Activity ▸
An unchanged copy of every record below, without pictures, is the goal.

Data for this exercise ▸
[Start of Attachment]

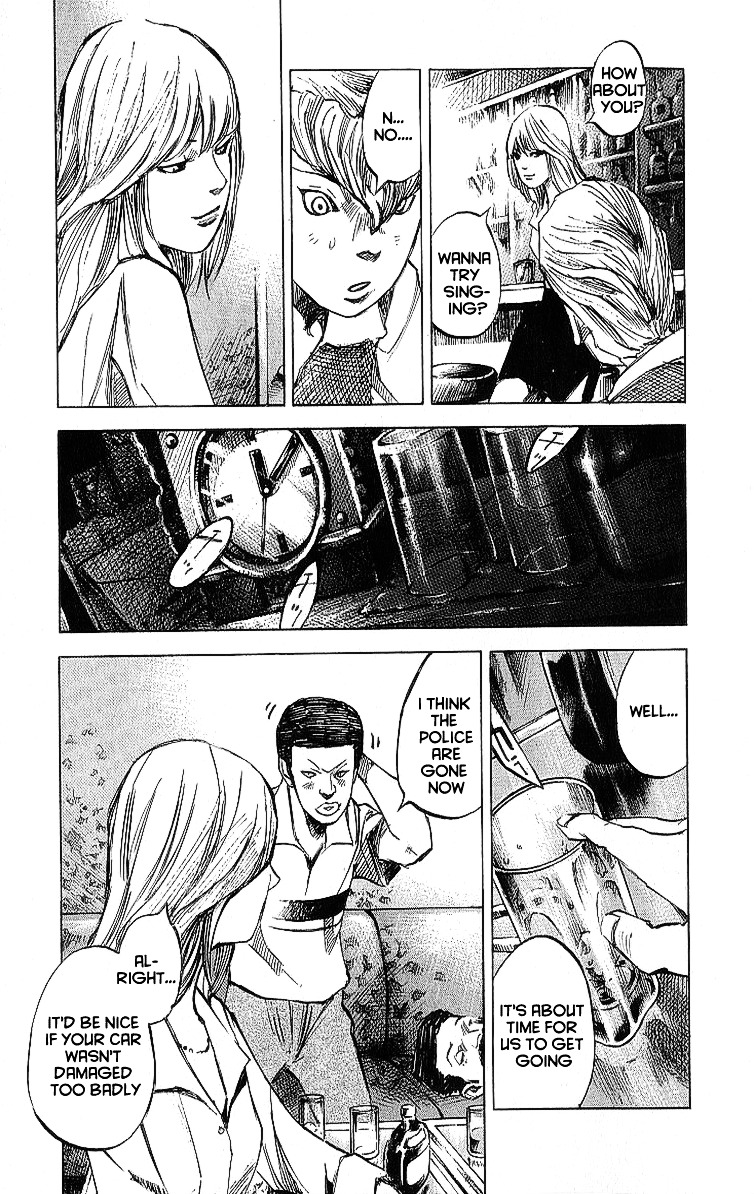 Bakuon Rettou Chapter 10 page 22 - Chapter 10 : Raid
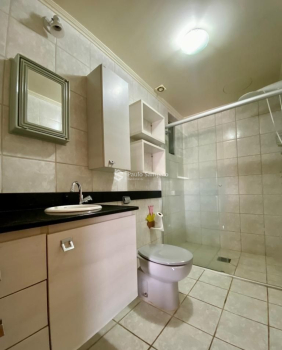 Apartamento 3 dormitórios Centro-Res.Mª.VALÉRIA Cruz Alta - RS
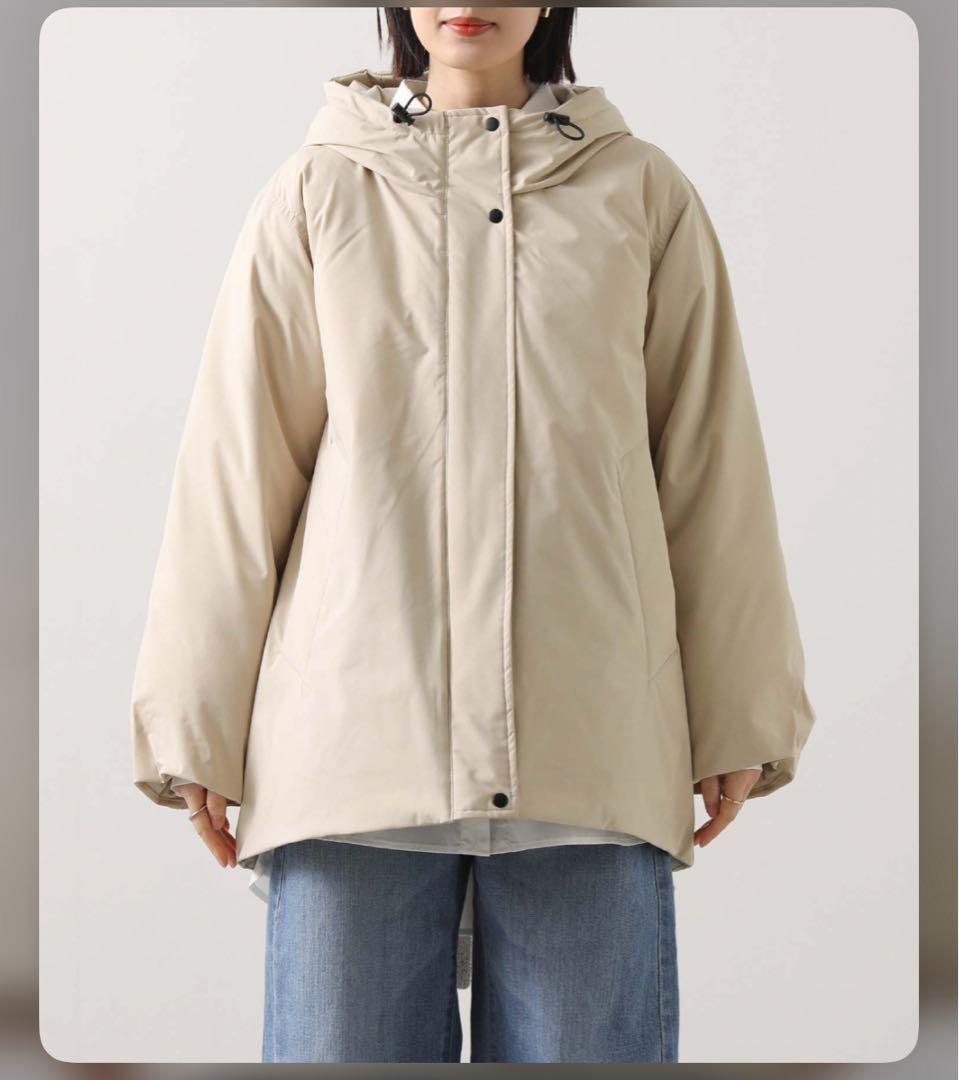 ◾️Gready Brilliant◾️タフタフードダウン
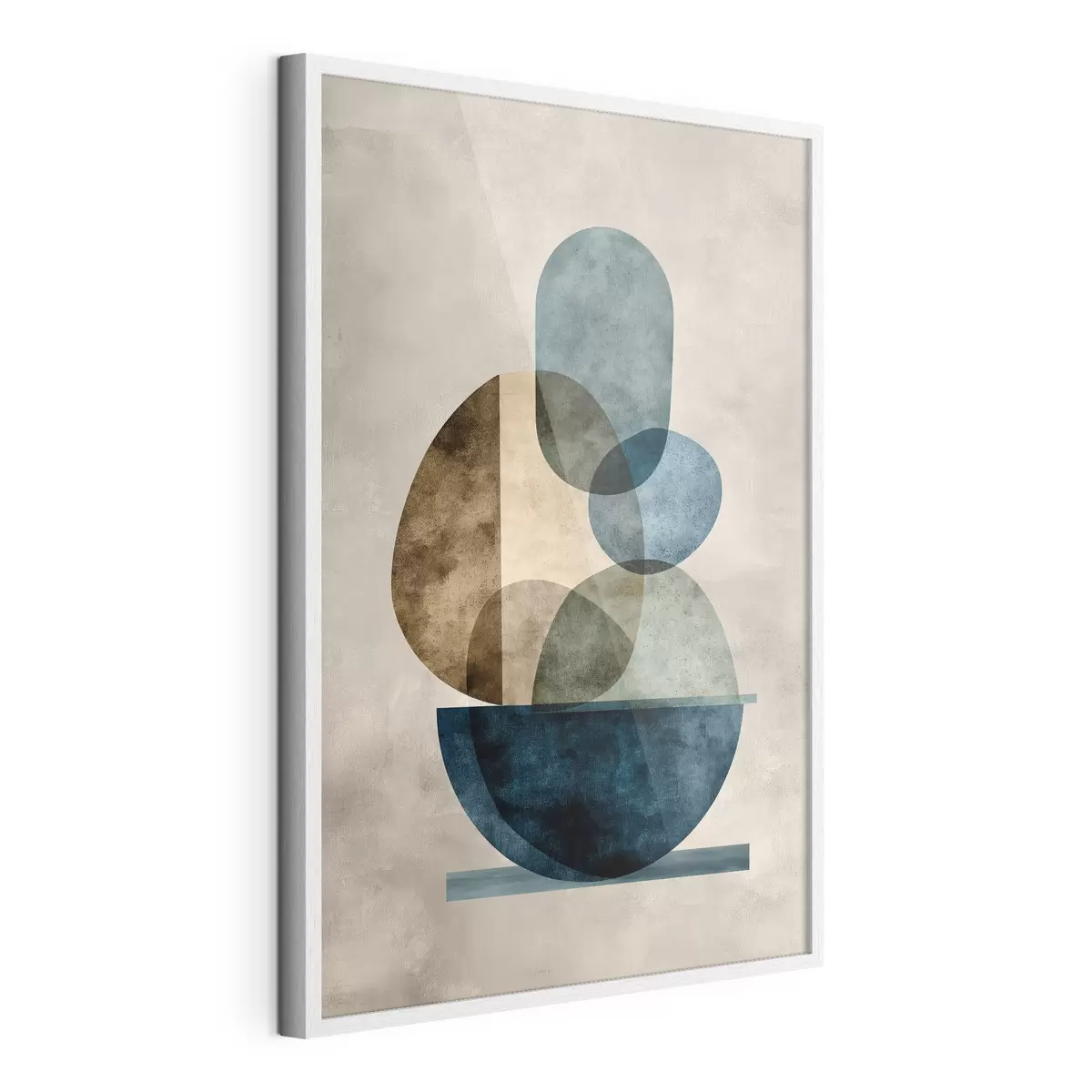Plakat Harmonia geometryczna f50116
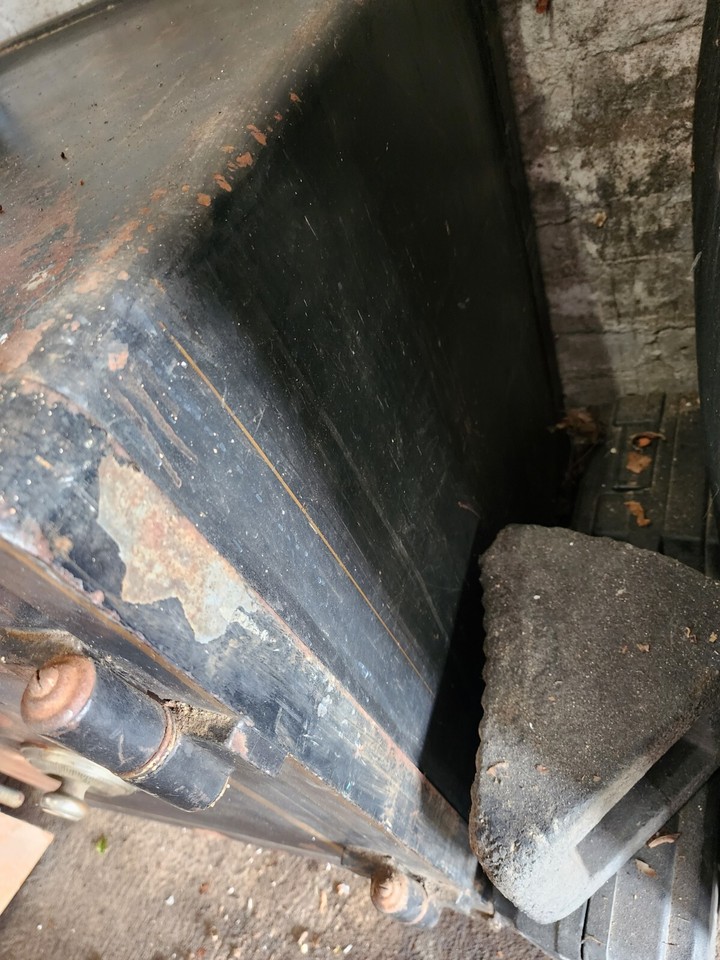 Antique Cast Iron Miller Safe Company/York Safe & Lock Co 1900's eBay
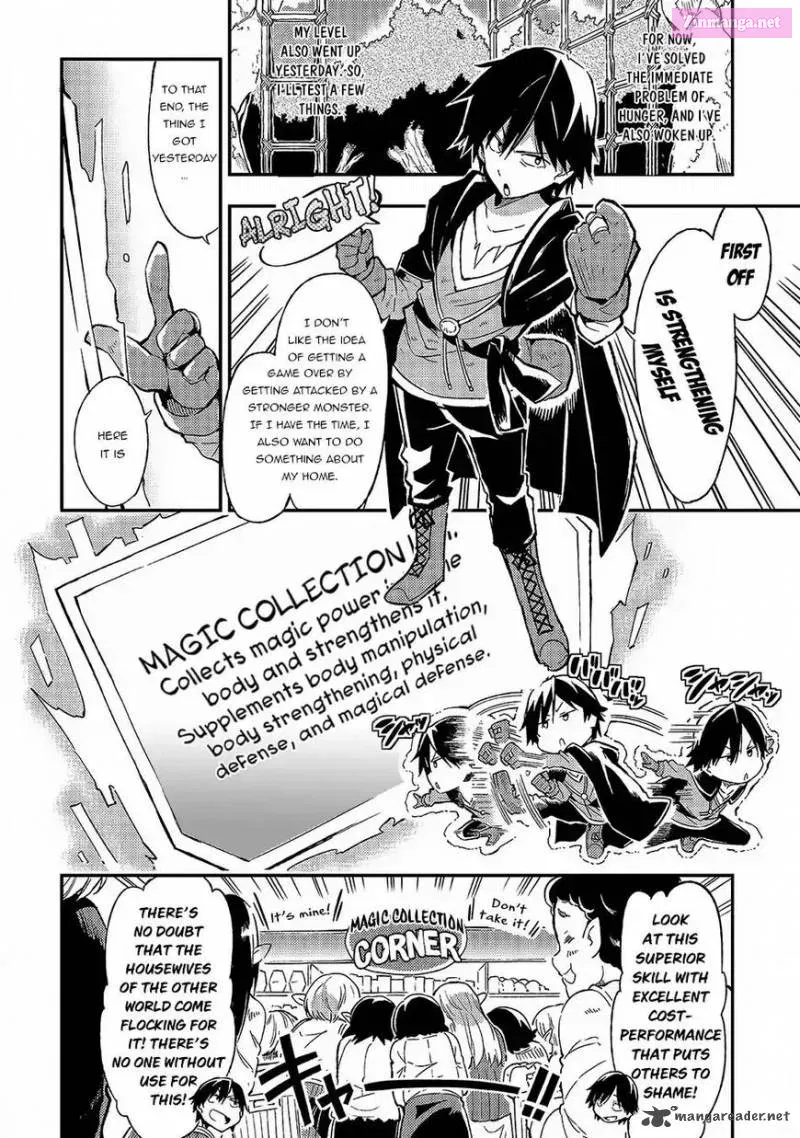 Hitoribocchi no Isekai Kouryaku Zinmanga X Chapter 4 Page 4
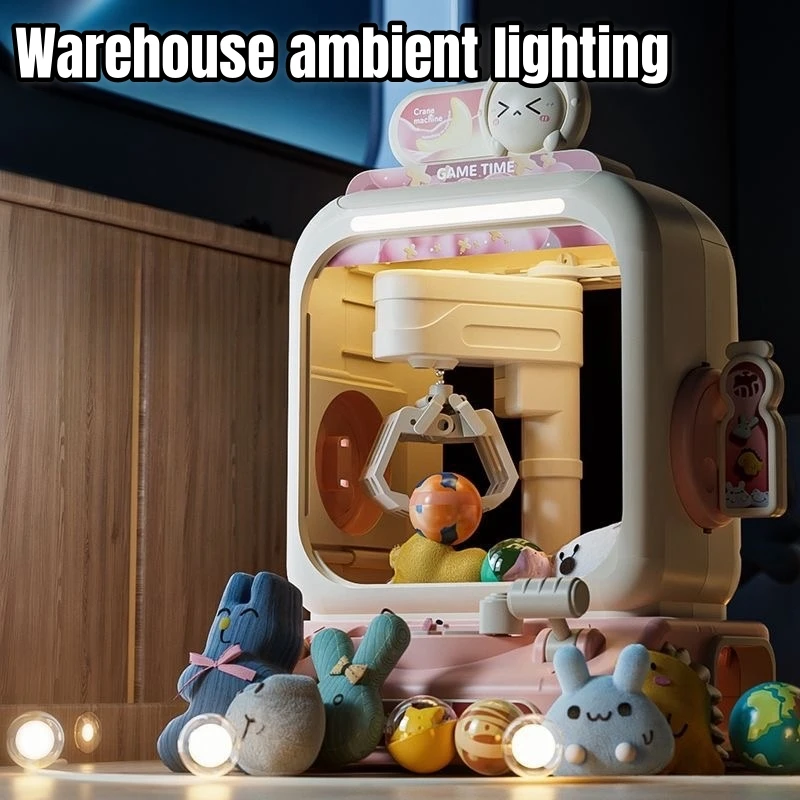 Claw Machine Toys Electronic A - Vending Game ulasan dan harga
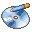 Hot-time DVD Copy icon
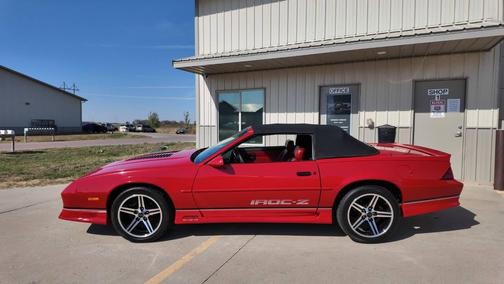 1991 Chevrolet Camaro Z28
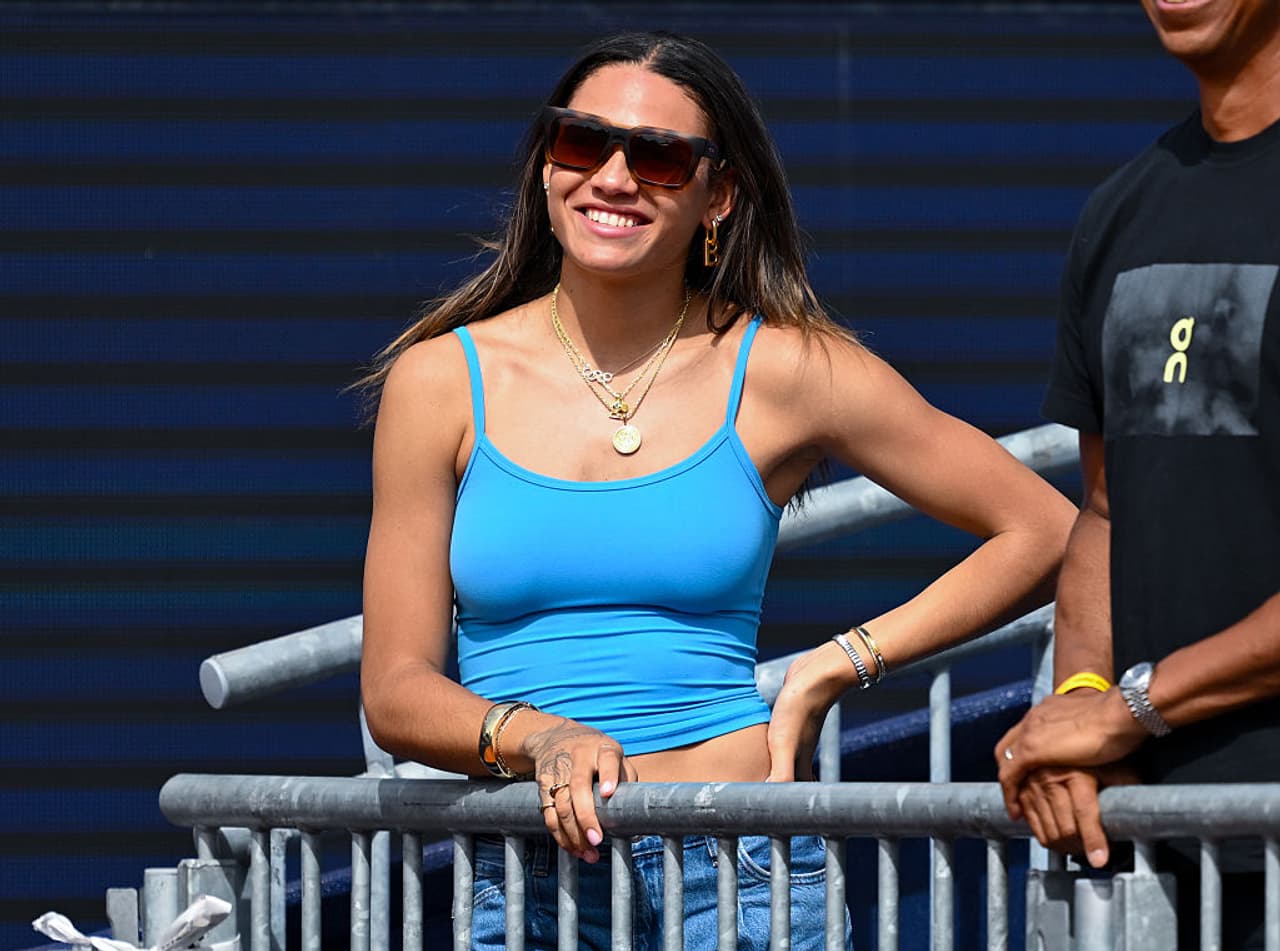 Trinity Rodman Trinity Rodman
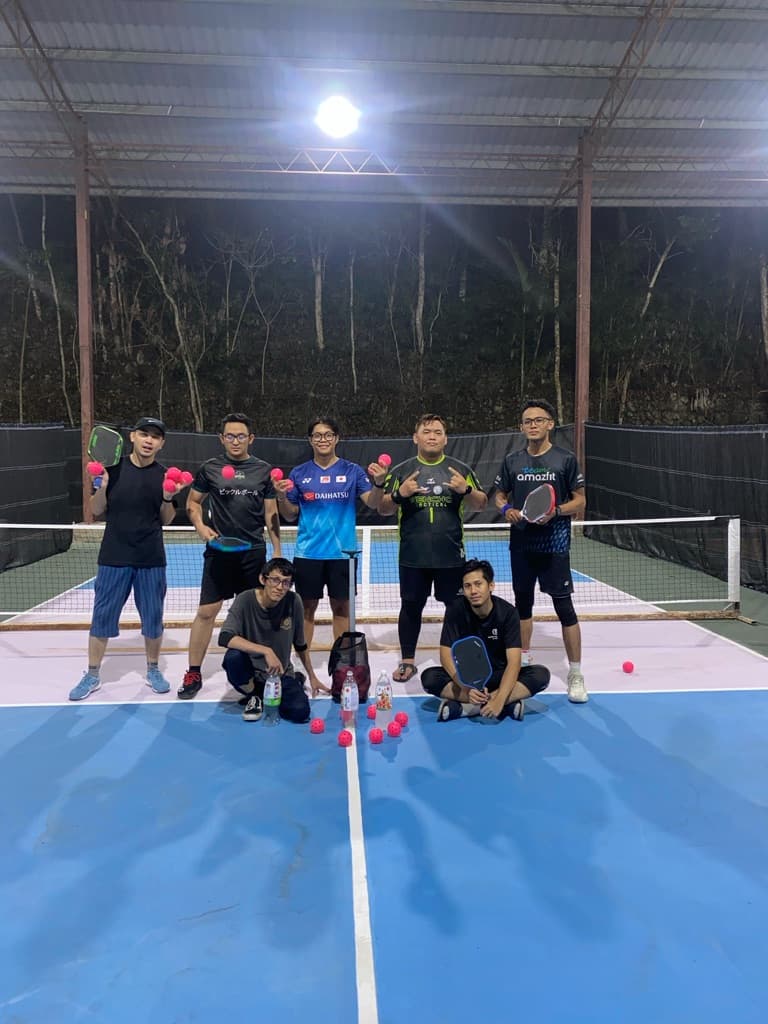 Kebon’z Pickleball media 6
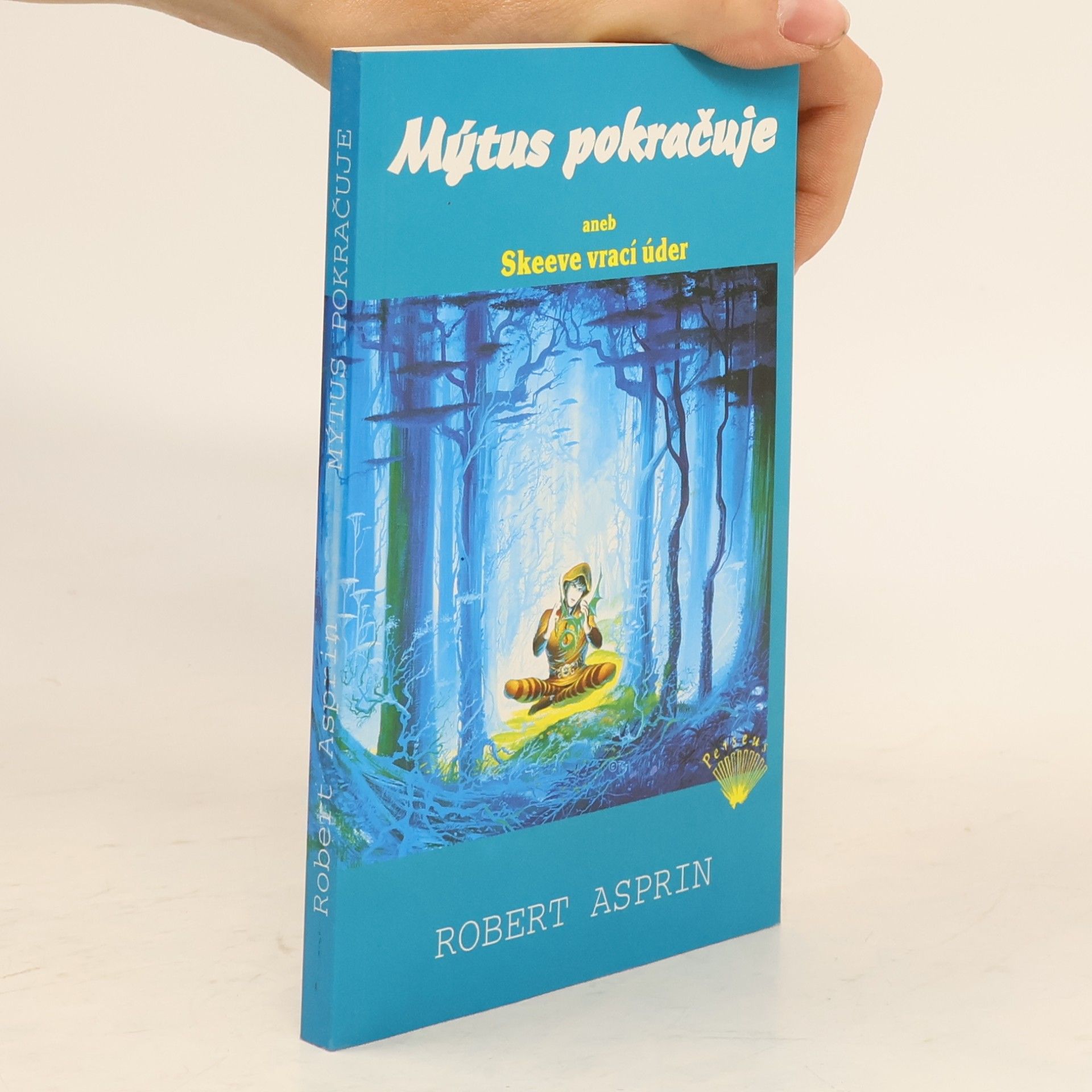 Mýtus pokračuje, aneb, Skeeve vrací úder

[End of Attachment]

Answer to this problem ▸
 Bakuon Rettou Chapter 10 page 22 - Chapter 10 : Raid
 Apartamento 3 dormitórios Centro-Res.Mª.VALÉRIA Cruz Alta - RS
 ◾️Gready Brilliant◾️タフタフードダウン
Plakat Harmonia geometryczna f50116
 Antique Cast Iron Miller Safe Company/York Safe & Lock Co 1900's eBay
 Hitoribocchi no Isekai Kouryaku Zinmanga X Chapter 4 Page 4
 Claw Machine Toys Electronic A - Vending Game ulasan dan harga
 Hot-time DVD Copy icon
 1991 Chevrolet Camaro Z28
 Trinity Rodman Trinity Rodman
 Kebon’z Pickleball media 6
 Mýtus pokračuje, aneb, Skeeve vrací úder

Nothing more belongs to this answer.